One Click Classification
We’re excited to announce the launch of the One Click Classification feature within Document Understanding. This is the first of a series of features we’re planning to launch aimed at improving the user experience of training document classification and extraction models.
The objective of the feature is to allow users to easily train document classifiers straight from the Document Understanding interface. It allows bypassing the need for manually creating Datasets, Pipelines, and ML Skills in AI Center with the help of a new user experience within Document Understanding.
User guide
Navigate to the Document Understanding interface and create a project.
Within a Project, add your Document Types using the “New Document Type” button. You can add your documents in either a Forms AI or a Semi-Structured AI session. However, if you have more than 20 documents add them to a Semi-Structured AI session.
Clicking on the Semi-Structured AI button opens the model configuration wizard. This step is used to configure your extraction experience. If you’re only interested in classification, these settings are not relevant. You can choose any option. If you’re also doing extraction, then configure the wizard according to your extraction problem.
Once Document Manager opens, use the Import wizard to import your documents.
When all your documents have been uploaded in their respective Document Type sessions, navigate to the Document Types tab and click on the Classify button.
The Classify button opens a dropdown with two options: Automated Training and Manual Training. Before using any of these options, make sure you have at least two Document Understanding sessions created with at least ten samples each. Not complying results in an error as the one below:
Automated Training
Use Automated Training to train a classifier straight in Document Understanding. Once you choose this option, you have to add a Classifier Name, select the preferred Document Types, and select the version of the DocumentClassifier model. When finished, click on the Train button.
This functionality automatically creates a new Dataset in AI Center with the name previously given by you in the Classifier Name field of the Train Classification dataset popup window. Then, it starts a training pipeline using the exported dataset and chosen classification model. Once the training pipeline has finished, the model is deployed and exposed as an ML Skill.
Details
You can see more details about the created Automated Training action by selecting the Classifiers tab from your project page, clicking on the actions menu, and selecting the Details option.
Here’s a list with all the information provided by the Details option:
- Status - Provides the status of the classification action.
- Document types - Provides the list of Document types used for the action.
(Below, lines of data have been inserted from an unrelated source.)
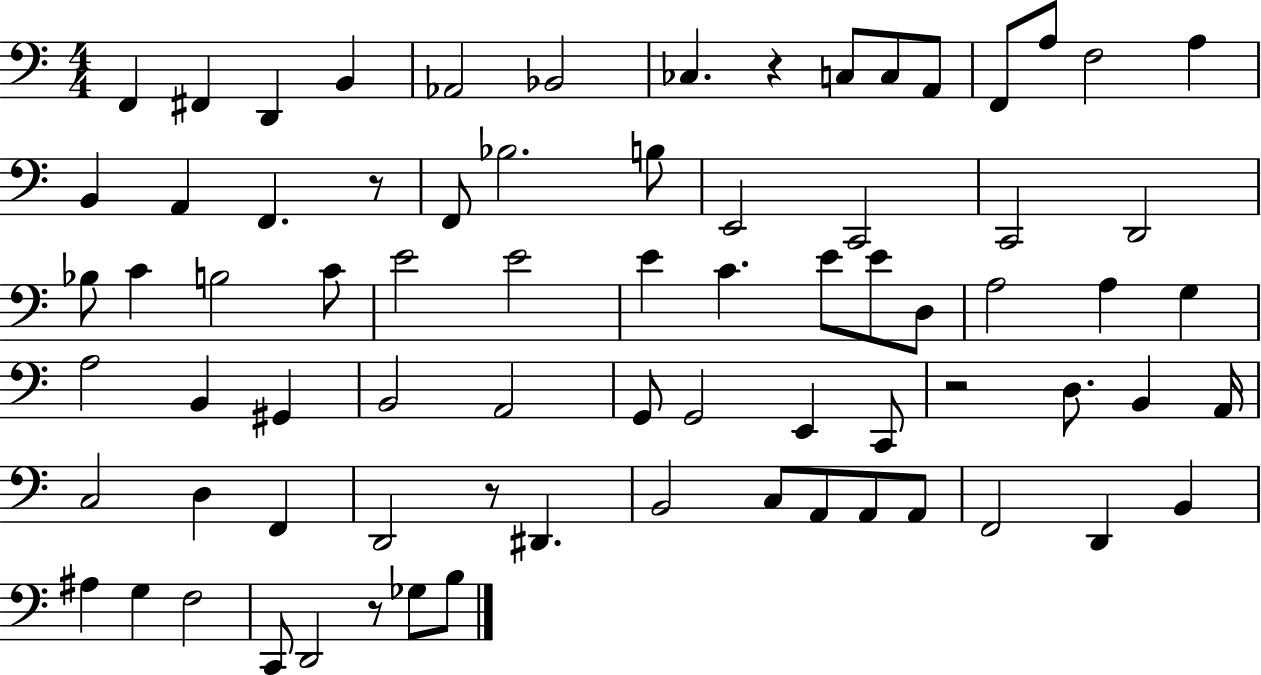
{
  \clef bass
  \numericTimeSignature
  \time 4/4
  \key c \major
  f,4 fis,4 d,4 b,4 | aes,2 bes,2 | ces4. r4 c8 c8 a,8 | f,8 a8 f2 a4 | \break b,4 a,4 f,4. r8 | f,8 bes2. b8 | e,2 c,2 | c,2 d,2 | \break bes8 c'4 b2 c'8 | e'2 e'2 | e'4 c'4. e'8 e'8 d8 | a2 a4 g4 | \break a2 b,4 gis,4 | b,2 a,2 | g,8 g,2 e,4 c,8 | r2 d8. b,4 a,16 | \break c2 d4 f,4 | d,2 r8 dis,4. | b,2 c8 a,8 a,8 a,8 | f,2 d,4 b,4 | \break ais4 g4 f2 | c,8 d,2 r8 ges8 b8 | \bar "|."
}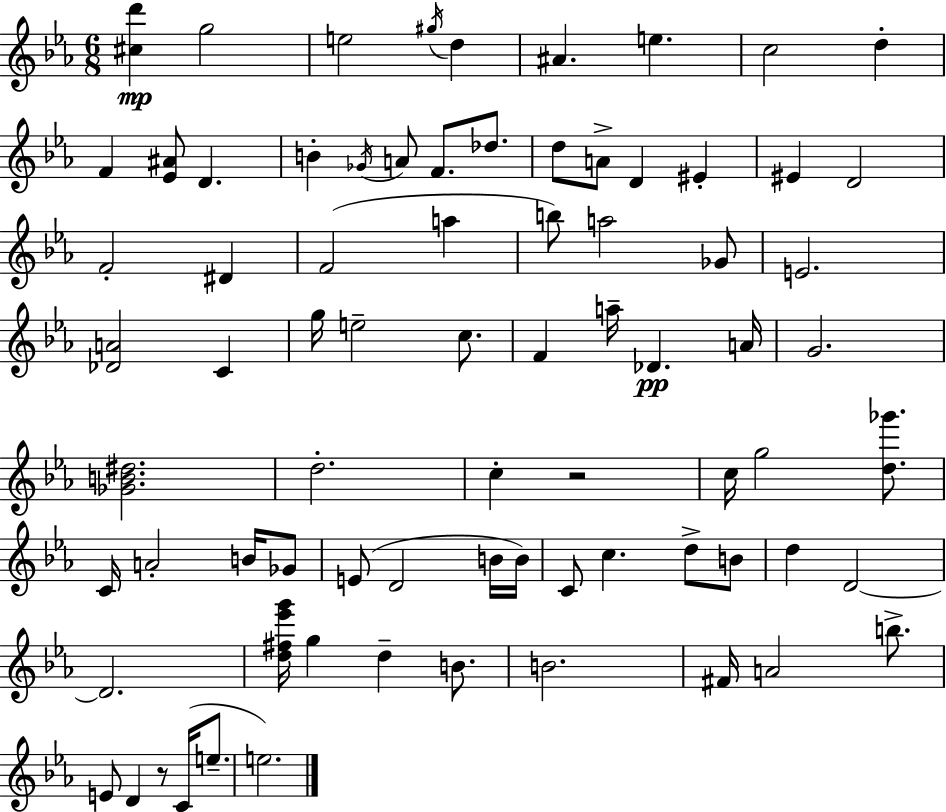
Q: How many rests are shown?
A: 2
- Version - Provides the used version of the DocumentClassifier model.
- Dataset size - Specifies the size of the dataset.
- Dataset link - Provides the public endpoint URL of the created (public) dataset.
- Docs Extracted - Specifies the number of extracted documents.
- Pipeline details - Provides the URL of the pipeline created for the dataset.
- ML Skill details - Provides the URL of the ML Skill created for the dataset. You can copy it and use it in your workflow.
- Score details - Specifies the accuracy score of the dataset.
- Score - Provides an accuracy score percentage for the dataset.
- View/Hide Logs - Provides a list with all the logs of the created dataset. You can copy it and use it when needed.
Note
Score details** and Score percentage options are available for datasets running with DocumentClassifier version 23.1 or higher.
Manual Training
Use the Manual Training option to export a classification dataset to AI Center. When you export has finished, navigate to AI Center and train your document classification model manually. Once you choose this option, you have to add a Dataset Name and select the preferred Document Types. When finished, click on the Export button.
Details
You can see more details about the created Manual Training action by selecting the Classifiers tab from your project page, clicking on the actions menu, and selecting the Details option.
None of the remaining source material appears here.